Ladder VAE is a VAE architecture that can effectively several stochastic layers. The trick is to couple the distribution parameters from the inference and generative networks to better estimate the model’s parameters.
The generative network is:
\[P(\textbf{z}) = P(\textbf{z}_L)\prod_{i=1}^{L-1}P(\textbf{z}_i|\textbf{z}_{i+1})\]Where:
\[P(\textbf{z}_i|\textbf{z}_{i+1}) = Normal(\textbf{z}_i|\mu_{p,i}(\textbf{z}_{i+1}), \sigma^2_{p,i}(z_{i+1}))\]and
\[P(\textbf{z}_L) = Normal(\textbf{z}_L|0, I)\]The prior \( P(\textbf{z}_L) \) is a standard gaussian.
The inference network:
The key difference is that each stochastic layer calculates the distribution parameters (mean and variance) but does not sample the latent vector from this distribution. The standard VAE will simply draw a sample from the distribution parameters computed by the inference network.
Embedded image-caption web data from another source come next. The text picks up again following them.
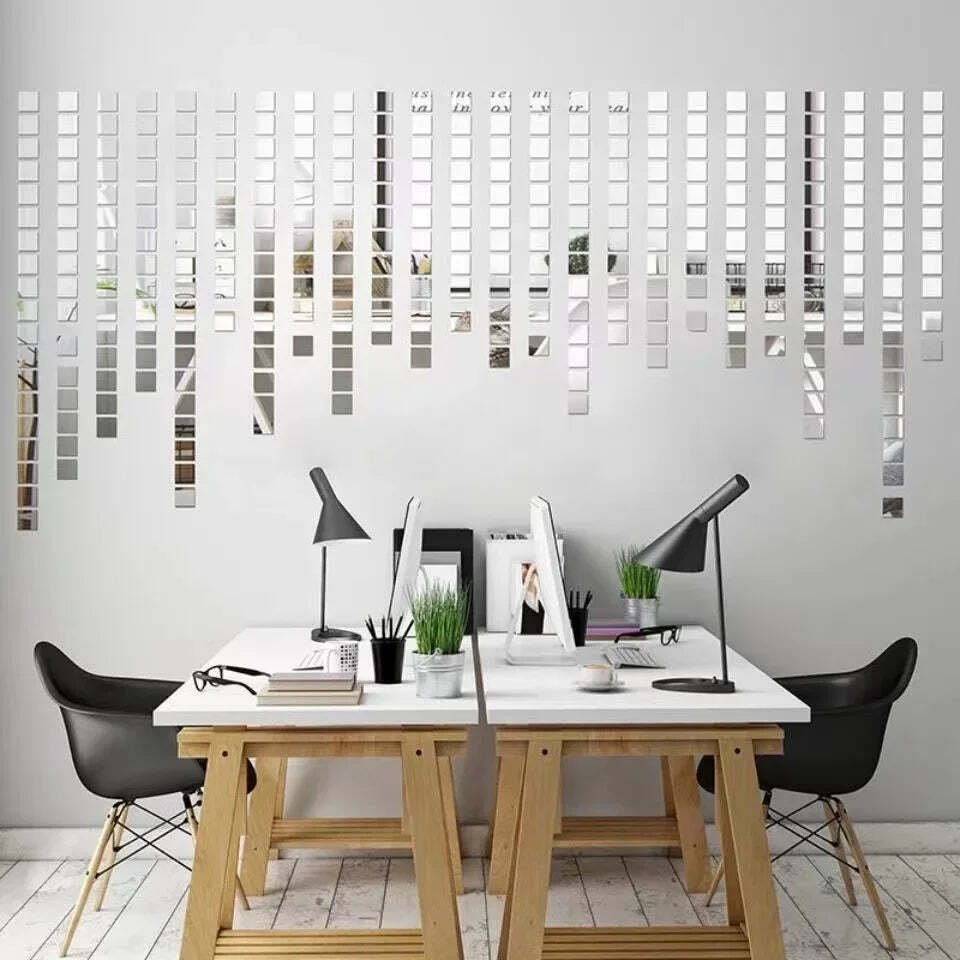 Image of 3D square mirror wall stickers for stylish home decor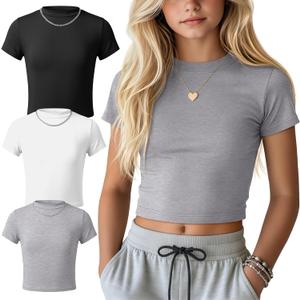 2 x Oakgarden 3 Pack Girls Shirts Short Sleeve Tops for Kids Summer Crop Tops Clothes for Girls Mock Turtleneck Tees 5-16 Y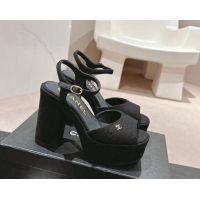 Sophisticated Chanel Wool Platform Sandals 12cm Black/Silver cc 722096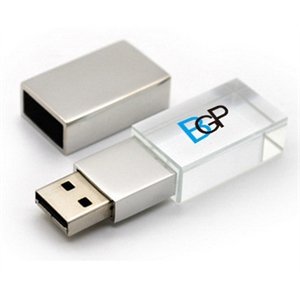 Imprinted LED Light Crystal USB Flash Drive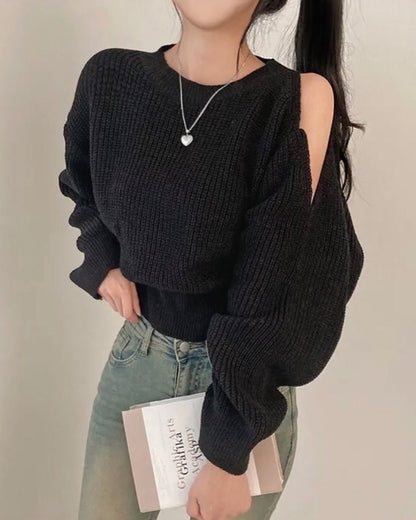 圓領露肩針織top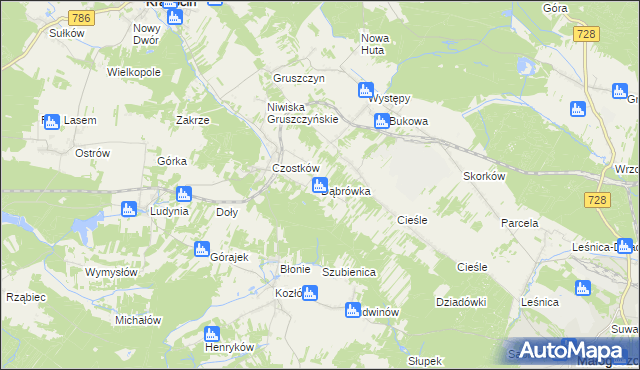 mapa Dąbrówka gmina Krasocin, Dąbrówka gmina Krasocin na mapie Targeo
However, the Ladder VAE draw the latent vector from:
\[\sigma_{q,i} = \frac{1}{\hat \sigma^2_{q,i} + \sigma^2_{p,i}}\] \[\mu_{q,i} = \frac{\hat \mu_{q,i} \hat \sigma^{-2}_{q,i} + \mu_{p,i}\sigma^{-2}_{p,i}}{\hat \sigma^{-2}_{q,i} + \sigma^{-2}_{p,i}}\]The approximate distribution at layer i is:
\[q(\textbf{z}_i|\cdot) = Normal(\textbf{z}_i|\mu_{q,i},\sigma^2_{q,i})\]By coupling the distribution parameters from both inference and generative networks, the Ladder VAE utilizes information from both network for parameter learning.
Reference
- Sønderby, Casper Kaae, et al. “Ladder variational autoencoders.” Advances in neural information processing systems. 2016.